This myth seems to have come from two sources, so I’ll deal with each in turn.
Firstly, is has been assumed that as schools which normally get no A*s would not be predicted A*s (not quite true) this means poor bright kids in badly performing schools would have lost out. This misses out the fact that even with little history of getting A*s previously, they might still be predicted if the cohort has better GCSE results than usual, so the error is less likely if the poor bright kid had good GCSEs. It also assumes that it is normal for poor kids to go to do A-levels in institutions that get no A*s which is unlikely for big institutions. Additionally, schools are not uniform in their intake. The bright kid at a school full of poor kids who misses out is not necessarily poor, in fact because disadvantaged kids are likely to get worse results, they often won’t be. Finally, it’s not just low achieving schools whose A* students are hard to predict. While a school that usually gets no A*s in a subject, but who would have got one this year makes for a more dramatic story, the situation of that child is no different to the lowest ranked child in a school that normally gets 20 A*s in a subject and this year would have got 21.

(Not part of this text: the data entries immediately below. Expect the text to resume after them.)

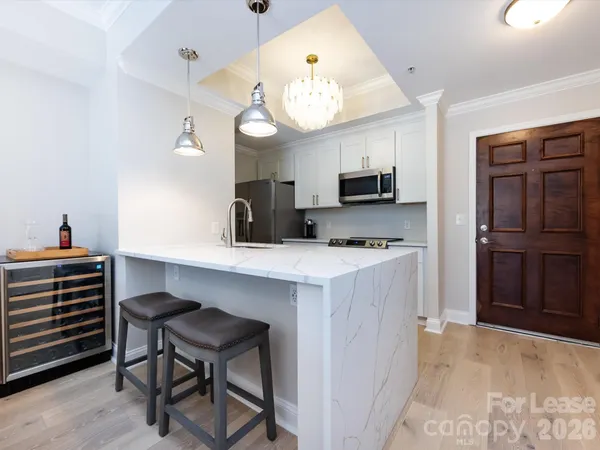 a kitchen with cabinets a window and stainless steel appliances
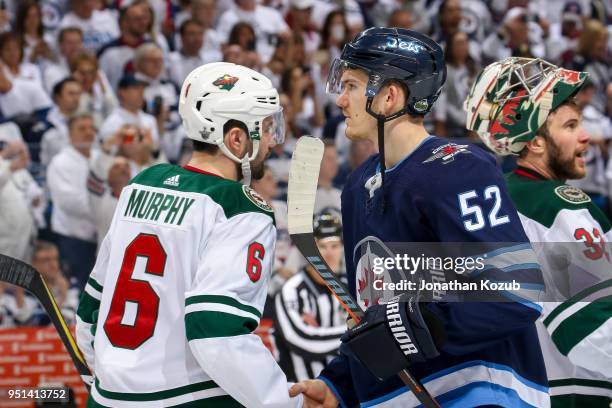 Jack Roslovic of the Winnipeg Jets shakes hands with Ryan Murphy of the Minnesota Wild in the traditional handshake line following a 5-0 victory in...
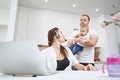 Mother sending air kiss to baby while busy at work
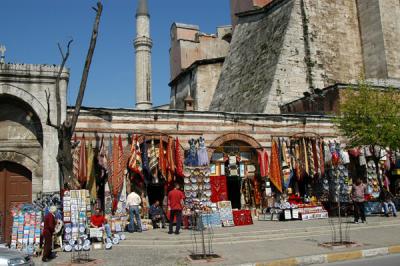 Shops built into the outer walls of the Aya Sofya along Babihümayun Cad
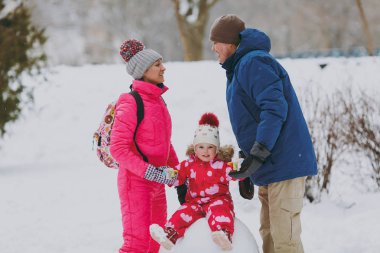 Mutlu aile kadın, adam kış sıcak giysiler ve kartopu karlı havada park veya orman üzerinde oturan küçük kız. Kış eğlence, dinlence tatil günlerinde. Aşk ilişki aile insanların yaşam tarzı kavramı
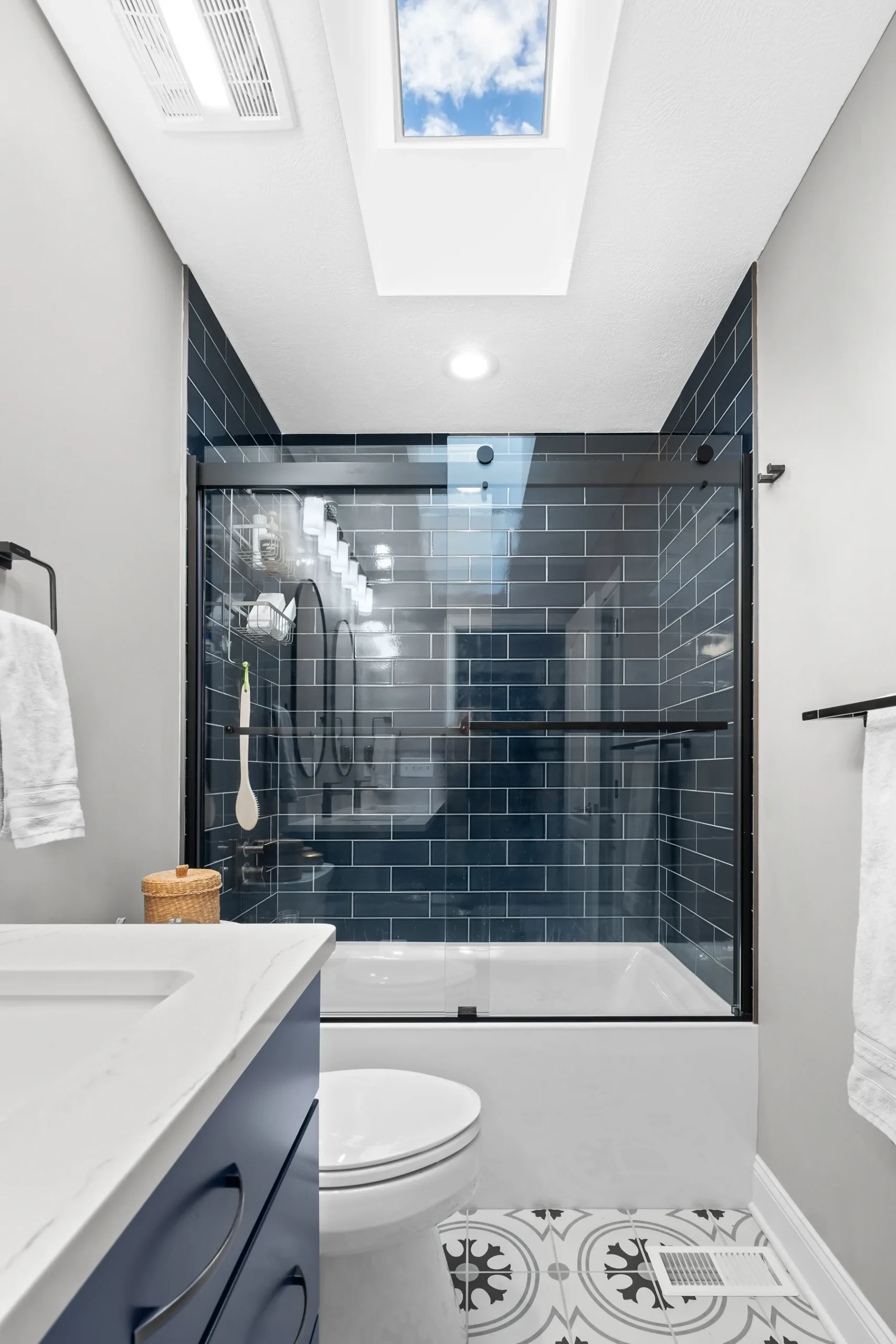 Transitional McCandless
Master Bathroom Showing Navy Blue Vanity With White
Quartz Countertop, Tub With Navy Blue Subway Tile and Matte Black Shower Door
and Fixtures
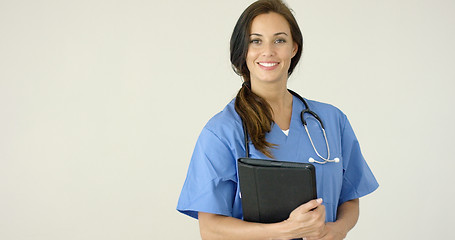 Image showing Smiling young female physician smiles at camera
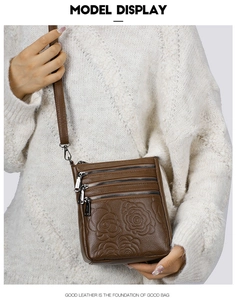 Brown leather crossbody bucket bag with floral embossing and multi-zipper detail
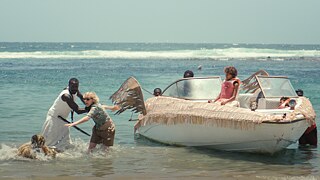 Several people sitting in a boat and two people frantically moving towards the shore.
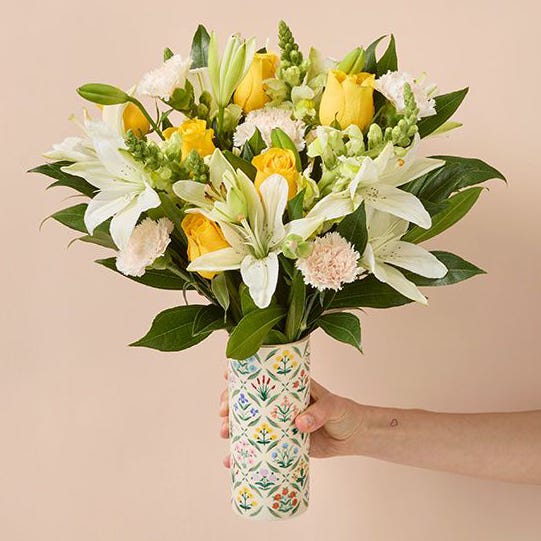 A bouquet of yellow roses, white lilies, and other mixed flowers held in a patterned vase.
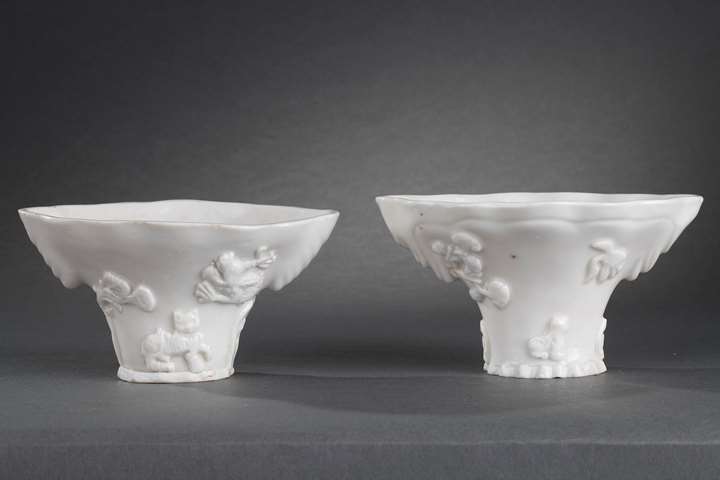 Pair of "blanc de Chine" rhinoceros horn shaped cups with animals decoration like: tiger dragon deer or crane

The second cause of this myth, is from statistics about downgrading from CAGs like these.
Although really this shows there’s not a huge difference between children with a different socioeconomic status (SES) it has been used to claim that poorer students were harder hit by downgrading and, therefore, it is poor bright kids that will have been hit worse than wealthier bright kids. (Other arguments have looked at type of school, but I’ll deal with that next). Whether this figure is a result of the problem of small cohorts, or from the fact that it is harder to overestimate higher achieving students, I don’t know. However, we do know the claim these figures reflect what happened to the highest achieving kids is incorrect. If we look at the top two grades, the proportion of kids who had a high CAG and had them downgraded is smaller for lower SESs (although because fewer students received those grades overall the chance of being downgraded given that you had a high CAG would show the opposite pattern).
Myth 5: The system was deliberately rigged to downgrade the CAGs of some types of students more than others
I suppose it’s probably worth saying that it’s impossible to prove beyond all doubt that this is a myth, but I can note the evidence is against it. The statistical model should not have discriminated at all. The problem of small cohorts and the fact it is easier to over-estimate low-achieving students and harder to over-estimate high achieving students seem to provide a plausible explanation of what we can observe about discrepancies in downgrading. Also, if we compare results over time, we would expect those types of institutions who on average had a fall in results last time to have a rise this year. Take those three factors into account and nobody should be surprised to see the following or to think it sinister (although it would be useful to know to what extent each type of school was affected by downgrading and by small cohort size).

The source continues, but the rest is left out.